*Entries shown*.
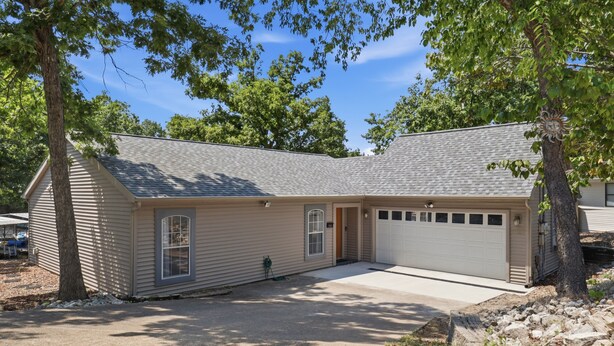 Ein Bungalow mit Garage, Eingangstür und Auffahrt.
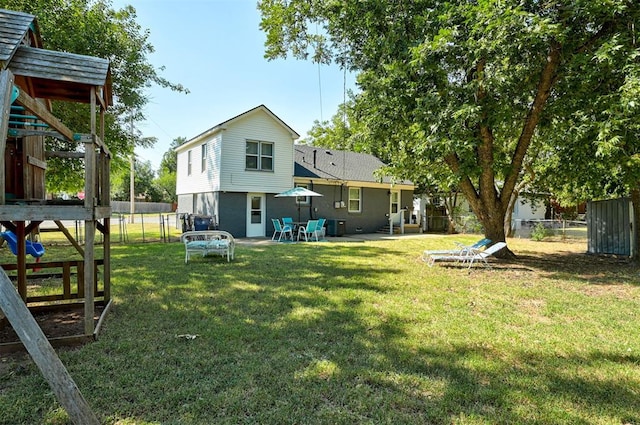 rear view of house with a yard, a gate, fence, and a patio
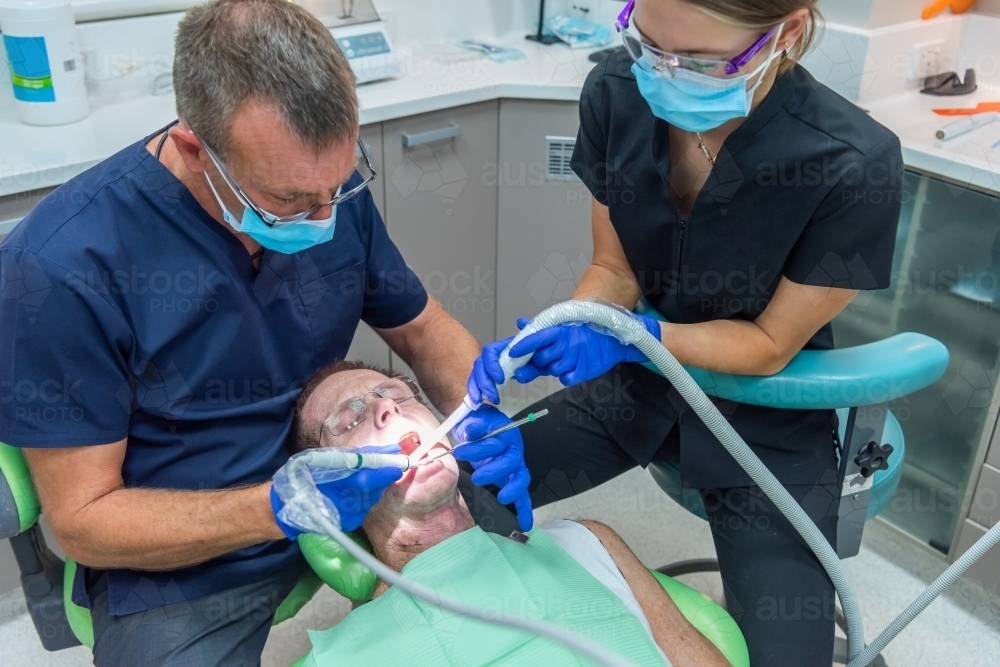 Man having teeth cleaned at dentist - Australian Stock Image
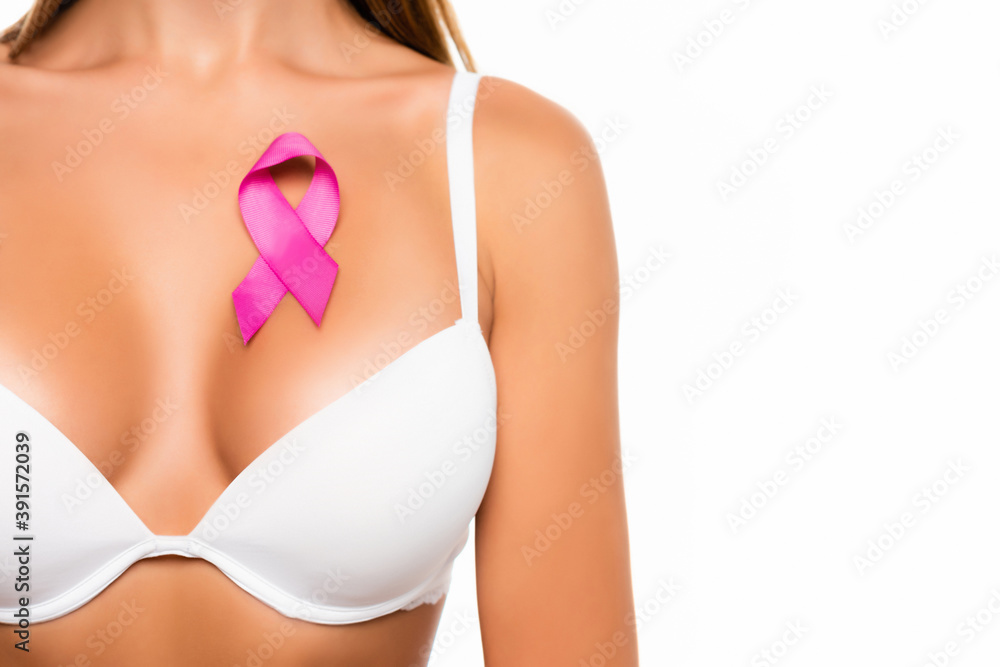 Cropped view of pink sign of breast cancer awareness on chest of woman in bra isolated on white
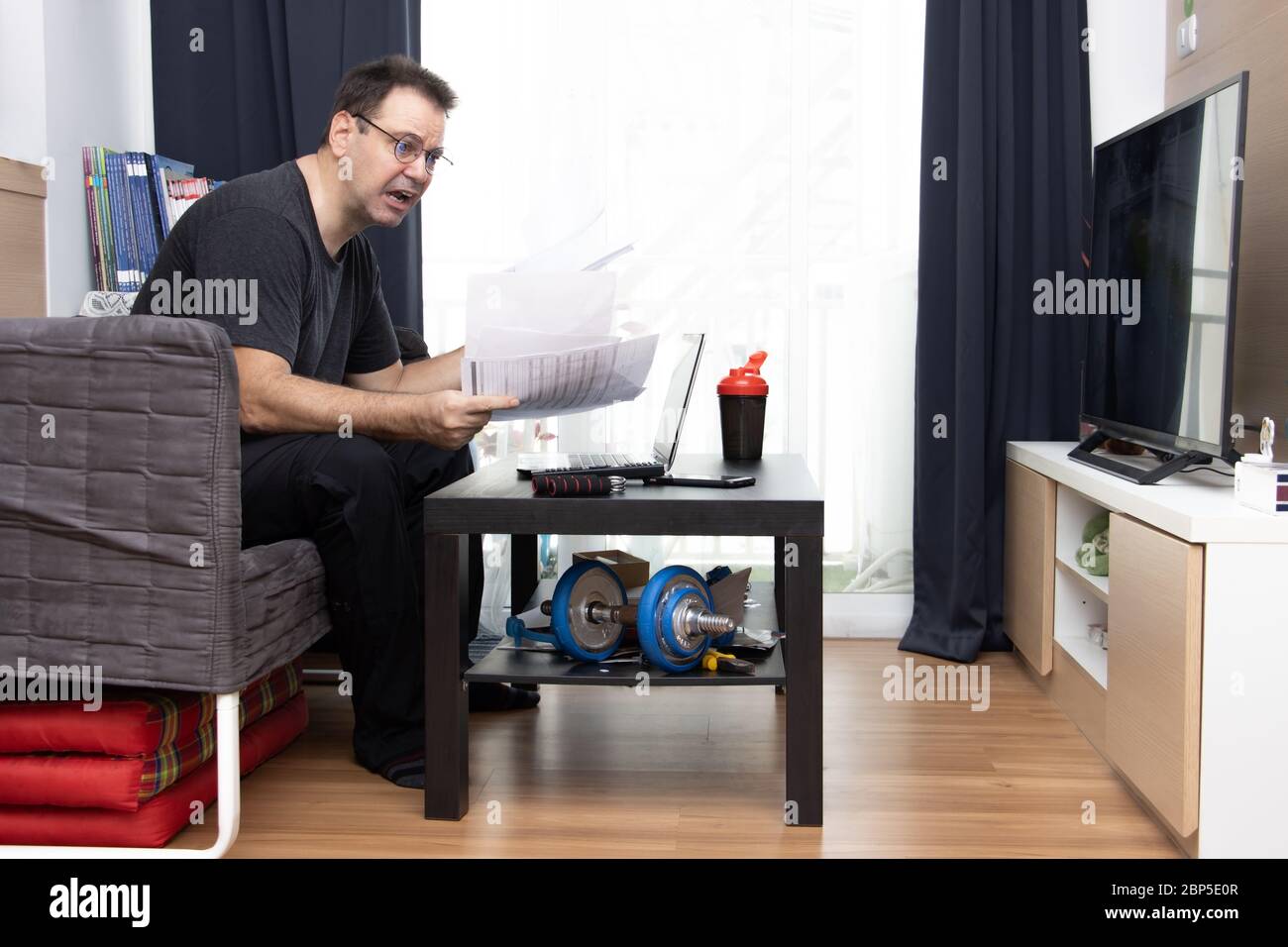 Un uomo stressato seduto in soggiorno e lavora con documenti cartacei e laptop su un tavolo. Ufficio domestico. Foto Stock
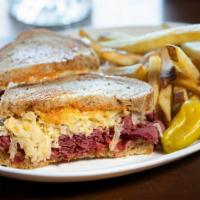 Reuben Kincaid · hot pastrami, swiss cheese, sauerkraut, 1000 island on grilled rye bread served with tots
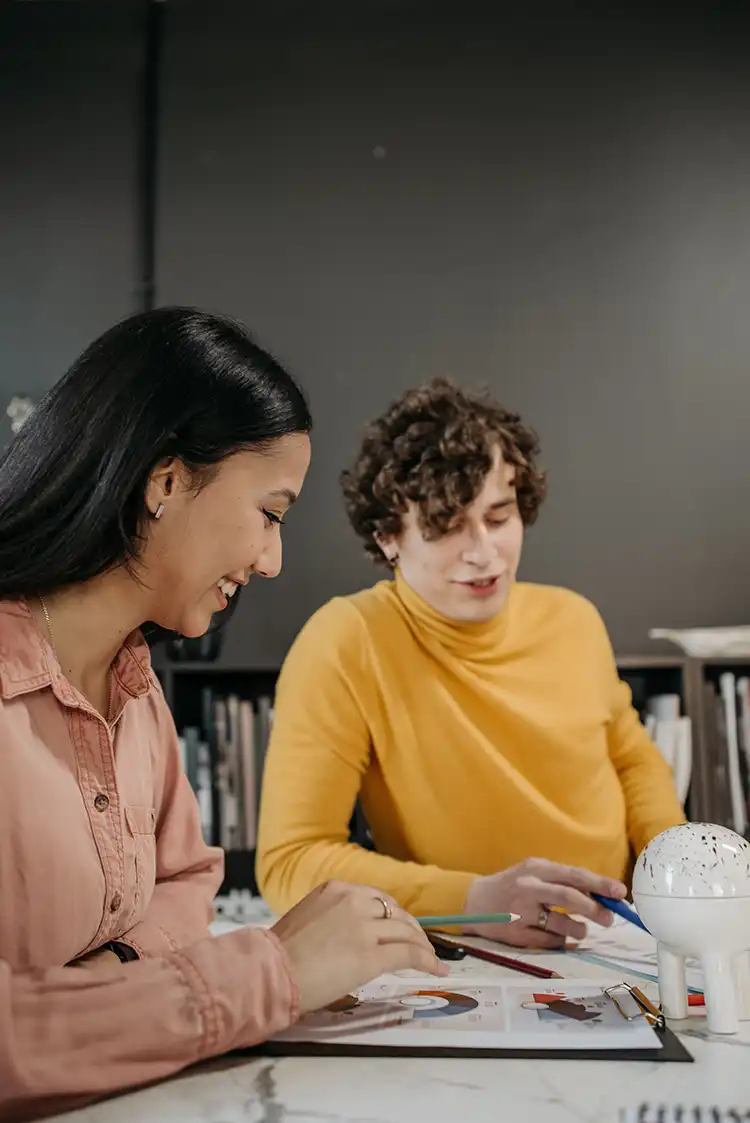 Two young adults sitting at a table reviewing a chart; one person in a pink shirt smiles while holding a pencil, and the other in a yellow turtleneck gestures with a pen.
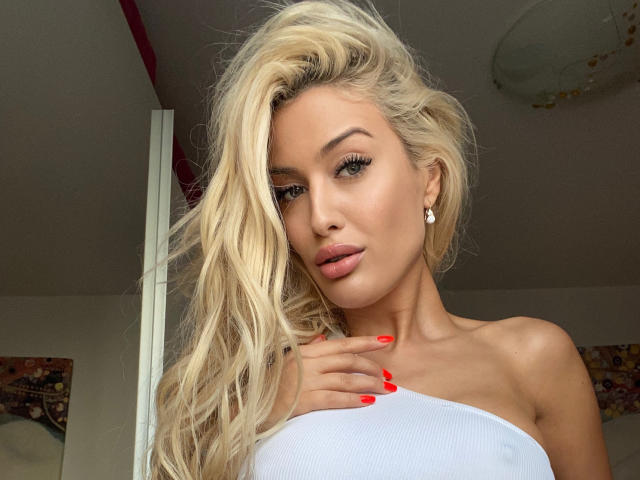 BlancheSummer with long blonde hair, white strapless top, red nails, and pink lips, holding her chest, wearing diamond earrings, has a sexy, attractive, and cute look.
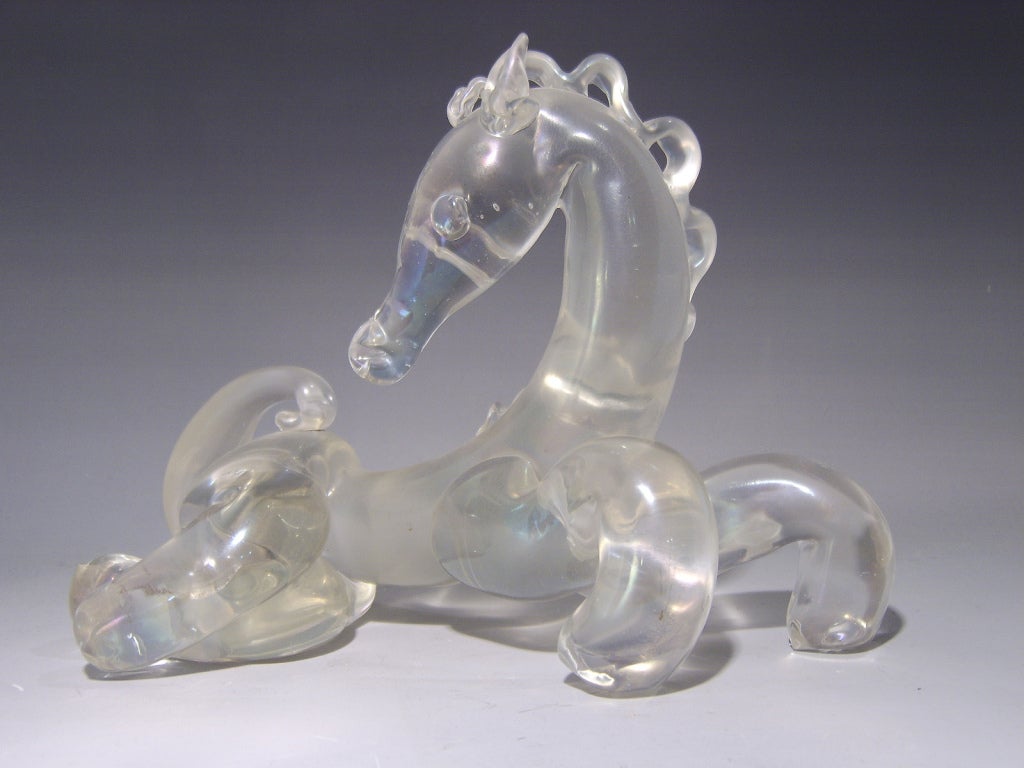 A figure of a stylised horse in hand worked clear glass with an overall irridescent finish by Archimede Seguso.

*About this task*. Retype, please, exactly the lines that begin with the one containing "BlancheSummer with long" and end at the last line of the entries above, both included, leaving out pictures.

*Written response*.
 BlancheSummer with long blonde hair, white strapless top, red nails, and pink lips, holding her chest, wearing diamond earrings, has a sexy, attractive, and cute look.
 A figure of a stylised horse in hand worked clear glass with an overall irridescent finish by Archimede Seguso.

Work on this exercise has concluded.